Hybrid cloud is suddenly all the rage. Enterprises and software vendors aren’t just talking about it—they’re making big bets on it. IBM recently acquired Red Hat and sees Red Hat as a key to hybrid cloud strategy. There have been a number of other small and large acquisitions and various partnerships to accelerate adoption and usage of hybrid environments.

But first, what does hybrid cloud actually mean? Red Hat defines hybrid cloud as “a combination of two or more cloud environments—public or private. It’s a pool of abstracted resources that could be developed partially from hardware owned and managed by a third-party company as well as hardware owned by the enterprise using the cloud.”

Further, it says that “these resources are orchestrated by management and automation software that allow users to access the cloud on-demand through self-service portals. And everything is supported by automatic scaling and dynamic resource allocation.”

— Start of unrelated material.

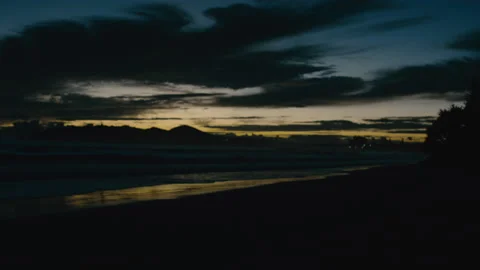 First sunlight in the sky from a beach landscape Stock Footage 169305883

Like this definition outlines, since it emerged, the cloud has been focused on the computing aspect mostly to run stateless applications—bringing flexibility, cost-savings and on-demand usage for enterprises. And Kubernetes is increasingly seen as a key technology to enable and drive hybrid cloud for computing resources with its ability to orchestrate computing environments across clouds, public and private.

Data in Hybrid Environment

So now, what about data? With the data revolution, a bulk of computing that happens today happens on data, whether it be simple reporting of enterprise performance, product usage, forecasting with models, or even more complex analysis like running machine learning on data to train models. And data isn’t really a “pool of abstracted resources”. In fact, data is everywhere, and more and more physically siloed across different racks, different regions and different clouds. What happens to data in hybrid environments? To get insights from data, data will eventually need to be close to where the data computing occurs – think technologies like Apache Spark, Presto, TensorFlow and others.

For computation orchestration, we have a sophisticated tool like Kubernetes – it grows and shrinks clusters as needed, across public and private cloud environments. But how do enterprises deal with their most important asset? They keep copying datasets needed across environments. Doesn’t it seem a little rudimentary?

Let’s take a step back and think about all the data being collected. According to IDC research, “By 2025, over 20 per cent of the data created in the global datasphere could be useful for analytics if only tagged.” If only 20% of data is actually useful, why are users copying data around that may not even be relevant? Not to mention that it’s also likely that the same set of data is being used over and over again.

In fact, wouldn’t the best way to determine the relevance and worth of the data itself be to have the computational framework pull the required data closer? Not by brute force, not by an admin copying data around, but by the questions being asked of the data itself.

Plus, based on the frequency or recency of data access (and maybe even another dimension), the most important data i.e. the “active dataset” should be closer to where the processing happens because it is highly likely that this data will be accessed again.

Data Orchestration

This type of data management approach—data orchestration—is similar to the Kubernetes approach for managing computing. The objective is to make data more accessible to compute no matter where the data is stored. In this case, data could be in S3 on AWS, or on-premises in HDFS, in another public cloud, or even in a third-party dataset that’s only accessible over REST. Orchestrating data across silos and clouds might be the most important piece of the hybrid and multi-cloud puzzle.

It is time that we think about hybrid cloud beyond just computing. For computing to drive value, you need data, and for the active, most important data to reach compute, you need data orchestration.